Name resolution(NR):
Data objects are retrieved based on their unique identity (UID). NR starts with locating the object in the network then routing forwards the object retrieval query to its storage location and finally the DO is sent to the requesting client.
The naming resolution resolves an UID into one or more locations and should work on global and local scale by cooperating between NR systems for example. They show the side effects if ID/address split mechanism is adopted with the following example, if a laptop hosting numerous Data Objects moves its location then all Data objects location changes too. This will lead to huge number of updates in the NR system.
The NR system will be influenced by the characteristics of namespaces. They would like to adopt flat names which respects the non right of ownership and other characteristics revealed by [2].
Off course, using flat names prevents the use of hierarchical names spaces and systems like DNS.
DHT based solutions are promising since the are decentralized, scalable, self-organized and don't need central structure. However when going globally DHT uses flat names hence non hierarchical names which prevents cooperation with other systems.

Routing:
Addressable entities are still increasing and will reach millions even billions in few years with the emergence of sensor networks, Internet of things, growing data etc. They claim that routing research are not encouraging according to [3] (will be reviewed later). Hence, they ll investigate the efficiency of name based routing which integrate both resolution and retrieval paths. Name based routing will locate DO based on their ID by transforming the ID directly into a path without going through ID-address transition. Other techniques such as LLc and NodeID are to be investigated also (Soon will be reviewed).

Storage:
The information network can be implemented following two different models:

• Network based storage model where storage resources are provided by the network infrastructure, like dedicated storage servers.

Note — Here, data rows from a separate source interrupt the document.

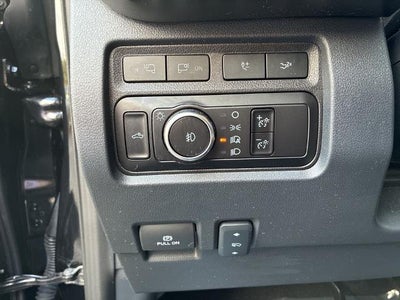 2023 Ford Super Duty F-250 SRW LARIAT 4WD Crew Cab 6.75' Box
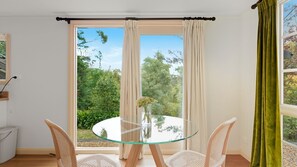 Dining - Graylyn Studio retreat - Wentworth Falls (Wentworth Falls)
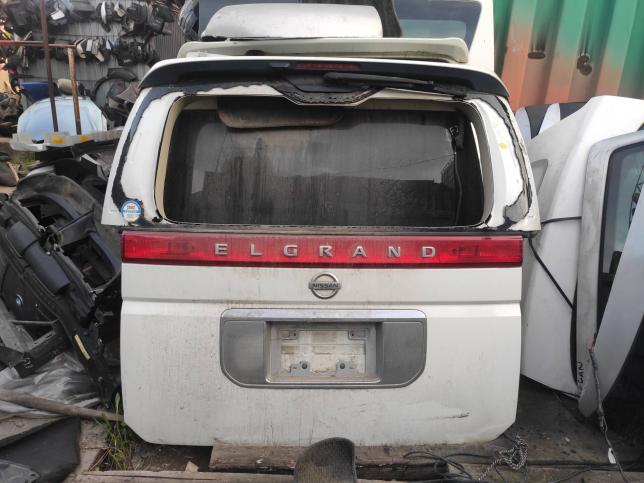 Дверь багажника Nissan Elgrand E51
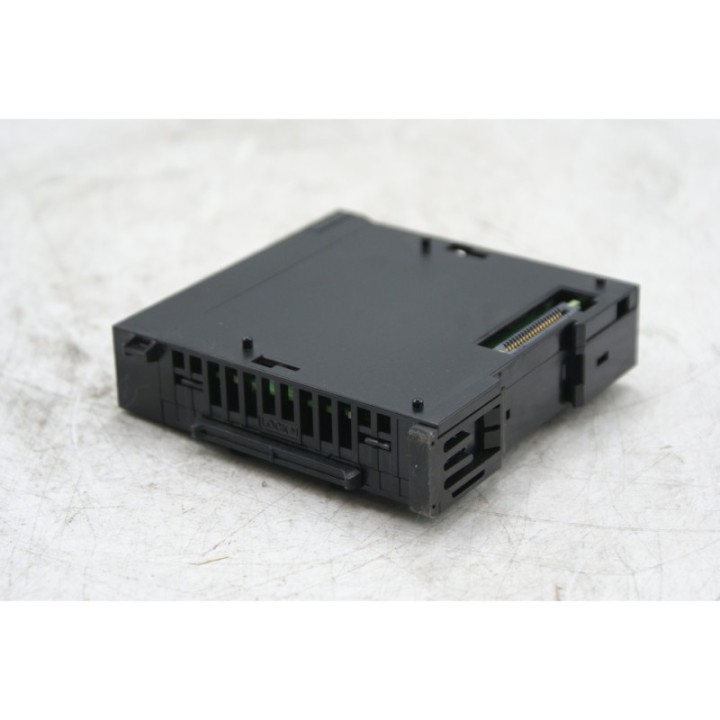 KEYENCE KEYENCE CORPORATION KV-7000C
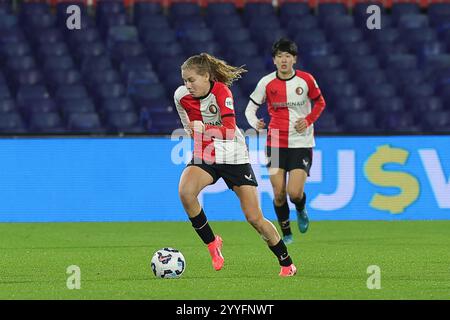 Jarne Teulings (7) aus Feyenoord, dargestellt während eines Frauenfußballspiels zwischen Feyenoord und PSV Eindhoven, Saison 2024 - 2025 der Azerion Women’s Eredivisie, am Samstag, den 21. Dezember 2024 in Rotterdam, Niederlande. FOTO SPORTPIX | SEVIL OKTEM Stockfoto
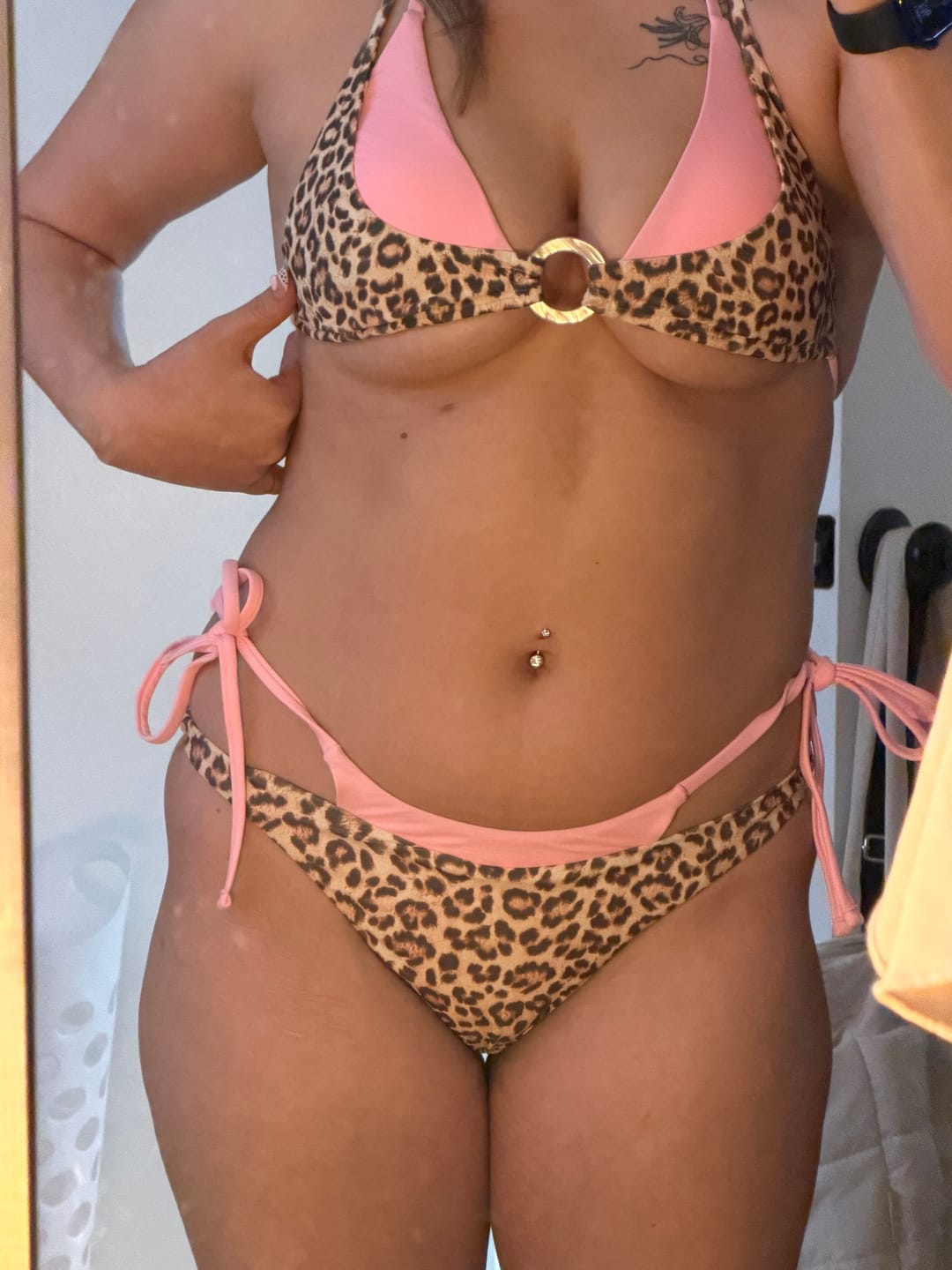 Customer photo review of Seamolly Leopard Print Contrast Color O Ring Double Layer Bikini Set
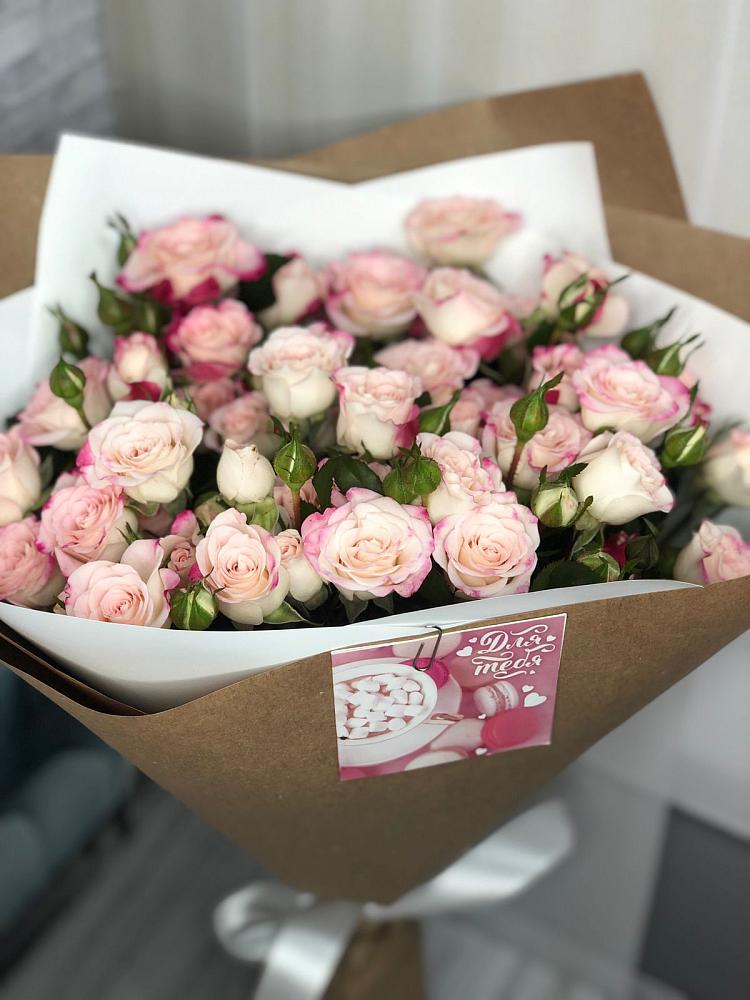 Букет цветов из: Розы в Новофедоровке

• Network managed storage model where network nodes control portions of storage memory of users connected to the network. Users will be able to decide what DO goes public or be shared only with friends etc.

Search:
Search systems are expected to go far beyond text match search, such as semantic search or even search functionality based on GPS position, location positioning. For example when a picture of Eiffel tower is taken, a search mechanism will handle the identification of the monument based on GPS or other techniques and points to DO related informations such as web page, history etc.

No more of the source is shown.